-- Opening Marker --
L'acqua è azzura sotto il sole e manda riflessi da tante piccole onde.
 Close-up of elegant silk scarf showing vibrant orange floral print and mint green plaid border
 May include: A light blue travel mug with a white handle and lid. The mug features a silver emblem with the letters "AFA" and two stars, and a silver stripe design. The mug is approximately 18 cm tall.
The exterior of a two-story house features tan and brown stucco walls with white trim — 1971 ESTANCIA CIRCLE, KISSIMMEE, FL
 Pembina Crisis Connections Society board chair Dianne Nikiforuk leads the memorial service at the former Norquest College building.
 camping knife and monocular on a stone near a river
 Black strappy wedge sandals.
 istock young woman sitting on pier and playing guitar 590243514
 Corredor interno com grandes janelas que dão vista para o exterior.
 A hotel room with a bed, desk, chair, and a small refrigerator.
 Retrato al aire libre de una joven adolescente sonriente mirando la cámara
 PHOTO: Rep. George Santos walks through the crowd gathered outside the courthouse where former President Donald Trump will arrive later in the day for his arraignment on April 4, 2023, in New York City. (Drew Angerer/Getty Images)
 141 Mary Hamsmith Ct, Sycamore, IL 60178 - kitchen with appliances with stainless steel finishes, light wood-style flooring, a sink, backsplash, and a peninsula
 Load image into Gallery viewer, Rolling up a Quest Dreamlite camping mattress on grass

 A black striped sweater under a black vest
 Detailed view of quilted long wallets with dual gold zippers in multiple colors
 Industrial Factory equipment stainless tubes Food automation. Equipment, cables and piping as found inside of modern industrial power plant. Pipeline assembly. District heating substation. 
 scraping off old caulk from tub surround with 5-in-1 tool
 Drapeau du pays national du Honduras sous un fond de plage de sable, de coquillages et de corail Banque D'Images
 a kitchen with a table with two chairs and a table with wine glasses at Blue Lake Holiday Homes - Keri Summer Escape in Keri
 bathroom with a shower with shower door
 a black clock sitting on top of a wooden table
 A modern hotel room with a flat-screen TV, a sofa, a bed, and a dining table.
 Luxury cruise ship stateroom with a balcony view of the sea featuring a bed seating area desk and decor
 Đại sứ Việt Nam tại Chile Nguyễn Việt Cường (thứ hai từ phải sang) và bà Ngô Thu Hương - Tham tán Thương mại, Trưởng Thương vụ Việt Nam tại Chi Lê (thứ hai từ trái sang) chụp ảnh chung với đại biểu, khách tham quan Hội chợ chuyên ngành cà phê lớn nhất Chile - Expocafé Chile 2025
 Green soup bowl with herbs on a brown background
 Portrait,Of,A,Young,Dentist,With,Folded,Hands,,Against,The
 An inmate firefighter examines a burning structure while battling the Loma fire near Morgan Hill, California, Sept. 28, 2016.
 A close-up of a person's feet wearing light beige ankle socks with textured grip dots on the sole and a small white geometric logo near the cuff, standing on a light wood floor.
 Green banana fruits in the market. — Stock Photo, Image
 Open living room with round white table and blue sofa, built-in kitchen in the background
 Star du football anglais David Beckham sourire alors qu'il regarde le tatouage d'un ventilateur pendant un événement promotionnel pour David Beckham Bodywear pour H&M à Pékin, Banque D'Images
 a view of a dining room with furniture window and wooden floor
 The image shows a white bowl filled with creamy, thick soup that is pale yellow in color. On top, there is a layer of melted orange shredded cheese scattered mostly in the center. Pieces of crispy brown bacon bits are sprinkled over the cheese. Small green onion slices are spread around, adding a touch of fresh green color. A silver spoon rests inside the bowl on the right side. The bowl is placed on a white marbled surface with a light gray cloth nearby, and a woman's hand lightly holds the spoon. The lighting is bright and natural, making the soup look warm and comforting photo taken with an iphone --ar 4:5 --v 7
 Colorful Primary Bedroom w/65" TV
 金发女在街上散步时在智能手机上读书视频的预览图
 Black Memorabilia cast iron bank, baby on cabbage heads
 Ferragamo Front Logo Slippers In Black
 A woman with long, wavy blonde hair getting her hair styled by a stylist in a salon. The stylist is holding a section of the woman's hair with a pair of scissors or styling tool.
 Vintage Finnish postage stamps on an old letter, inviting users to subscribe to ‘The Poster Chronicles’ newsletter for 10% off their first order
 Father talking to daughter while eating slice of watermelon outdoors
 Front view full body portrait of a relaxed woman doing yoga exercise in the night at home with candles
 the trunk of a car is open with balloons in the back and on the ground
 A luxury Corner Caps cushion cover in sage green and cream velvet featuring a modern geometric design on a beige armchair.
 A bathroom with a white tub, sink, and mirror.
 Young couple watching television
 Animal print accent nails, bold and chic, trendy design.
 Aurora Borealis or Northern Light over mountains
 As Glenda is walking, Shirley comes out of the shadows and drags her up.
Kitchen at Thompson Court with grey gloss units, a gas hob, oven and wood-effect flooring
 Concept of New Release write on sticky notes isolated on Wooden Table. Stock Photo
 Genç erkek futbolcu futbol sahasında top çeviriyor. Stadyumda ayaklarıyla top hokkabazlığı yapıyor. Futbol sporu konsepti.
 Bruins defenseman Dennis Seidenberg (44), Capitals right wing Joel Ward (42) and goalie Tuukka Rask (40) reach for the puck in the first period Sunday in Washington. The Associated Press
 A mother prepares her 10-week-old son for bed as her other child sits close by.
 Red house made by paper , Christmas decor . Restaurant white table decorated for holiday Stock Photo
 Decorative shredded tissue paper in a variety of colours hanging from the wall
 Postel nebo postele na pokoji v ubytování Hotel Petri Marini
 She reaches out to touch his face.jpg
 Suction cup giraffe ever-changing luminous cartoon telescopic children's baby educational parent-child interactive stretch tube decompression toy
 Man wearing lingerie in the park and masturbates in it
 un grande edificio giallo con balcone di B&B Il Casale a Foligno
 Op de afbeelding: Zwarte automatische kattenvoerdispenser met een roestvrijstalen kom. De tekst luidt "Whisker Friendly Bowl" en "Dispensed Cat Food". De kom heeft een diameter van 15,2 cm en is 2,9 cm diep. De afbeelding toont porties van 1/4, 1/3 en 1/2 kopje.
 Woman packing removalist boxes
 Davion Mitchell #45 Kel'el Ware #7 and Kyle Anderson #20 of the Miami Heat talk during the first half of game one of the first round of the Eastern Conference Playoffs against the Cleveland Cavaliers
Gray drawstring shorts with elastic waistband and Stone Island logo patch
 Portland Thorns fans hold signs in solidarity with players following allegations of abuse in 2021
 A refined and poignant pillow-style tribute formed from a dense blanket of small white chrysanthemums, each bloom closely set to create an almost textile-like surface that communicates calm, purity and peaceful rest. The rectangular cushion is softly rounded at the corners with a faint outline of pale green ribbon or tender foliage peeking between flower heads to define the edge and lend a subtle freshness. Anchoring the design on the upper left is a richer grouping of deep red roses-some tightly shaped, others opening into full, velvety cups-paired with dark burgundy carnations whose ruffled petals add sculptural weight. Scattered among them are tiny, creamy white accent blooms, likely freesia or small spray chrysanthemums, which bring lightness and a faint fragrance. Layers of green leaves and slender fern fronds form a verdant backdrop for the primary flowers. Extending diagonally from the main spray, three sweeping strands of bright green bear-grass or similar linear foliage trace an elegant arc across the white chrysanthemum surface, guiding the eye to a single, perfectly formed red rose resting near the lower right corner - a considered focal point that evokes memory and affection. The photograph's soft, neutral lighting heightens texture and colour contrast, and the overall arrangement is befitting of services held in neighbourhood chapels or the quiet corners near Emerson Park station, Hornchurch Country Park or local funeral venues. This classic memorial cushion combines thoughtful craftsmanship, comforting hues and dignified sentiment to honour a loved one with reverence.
-- Closing Marker --
| Exercise goal |
Please transcribe only the lines in the records above running from the line that has "Op de afbeelding: Zwarte" through the line that has "Portland Thorns fans", both included, exactly as they appear.

| Response box |
 Op de afbeelding: Zwarte automatische kattenvoerdispenser met een roestvrijstalen kom. De tekst luidt "Whisker Friendly Bowl" en "Dispensed Cat Food". De kom heeft een diameter van 15,2 cm en is 2,9 cm diep. De afbeelding toont porties van 1/4, 1/3 en 1/2 kopje.
 Woman packing removalist boxes
 Davion Mitchell #45 Kel'el Ware #7 and Kyle Anderson #20 of the Miami Heat talk during the first half of game one of the first round of the Eastern Conference Playoffs against the Cleveland Cavaliers
Gray drawstring shorts with elastic waistband and Stone Island logo patch
 Portland Thorns fans hold signs in solidarity with players following allegations of abuse in 2021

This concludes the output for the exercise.